• _Material for this task_
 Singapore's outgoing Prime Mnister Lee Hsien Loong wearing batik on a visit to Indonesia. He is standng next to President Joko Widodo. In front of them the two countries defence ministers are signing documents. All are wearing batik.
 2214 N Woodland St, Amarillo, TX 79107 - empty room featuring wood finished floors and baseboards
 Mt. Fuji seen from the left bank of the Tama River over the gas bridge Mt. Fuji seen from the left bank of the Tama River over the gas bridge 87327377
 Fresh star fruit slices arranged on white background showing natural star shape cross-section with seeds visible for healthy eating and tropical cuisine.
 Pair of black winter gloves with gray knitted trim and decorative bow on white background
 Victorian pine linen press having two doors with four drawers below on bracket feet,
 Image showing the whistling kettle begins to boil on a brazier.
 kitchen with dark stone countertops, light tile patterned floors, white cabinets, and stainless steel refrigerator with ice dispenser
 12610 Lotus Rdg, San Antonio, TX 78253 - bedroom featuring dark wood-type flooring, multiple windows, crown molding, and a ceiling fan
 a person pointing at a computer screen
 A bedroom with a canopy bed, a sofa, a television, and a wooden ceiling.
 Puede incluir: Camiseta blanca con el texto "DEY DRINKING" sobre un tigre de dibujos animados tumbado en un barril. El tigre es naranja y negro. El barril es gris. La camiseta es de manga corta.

• _What needs to be done_
The lines needed are the ones from the first line of the entries through the line that contains "A bedroom with", given again without any change.

• _Response for this exercise_
 Singapore's outgoing Prime Mnister Lee Hsien Loong wearing batik on a visit to Indonesia. He is standng next to President Joko Widodo. In front of them the two countries defence ministers are signing documents. All are wearing batik.
 2214 N Woodland St, Amarillo, TX 79107 - empty room featuring wood finished floors and baseboards
 Mt. Fuji seen from the left bank of the Tama River over the gas bridge Mt. Fuji seen from the left bank of the Tama River over the gas bridge 87327377
 Fresh star fruit slices arranged on white background showing natural star shape cross-section with seeds visible for healthy eating and tropical cuisine.
 Pair of black winter gloves with gray knitted trim and decorative bow on white background
 Victorian pine linen press having two doors with four drawers below on bracket feet,
 Image showing the whistling kettle begins to boil on a brazier.
 kitchen with dark stone countertops, light tile patterned floors, white cabinets, and stainless steel refrigerator with ice dispenser
 12610 Lotus Rdg, San Antonio, TX 78253 - bedroom featuring dark wood-type flooring, multiple windows, crown molding, and a ceiling fan
 a person pointing at a computer screen
 A bedroom with a canopy bed, a sofa, a television, and a wooden ceiling.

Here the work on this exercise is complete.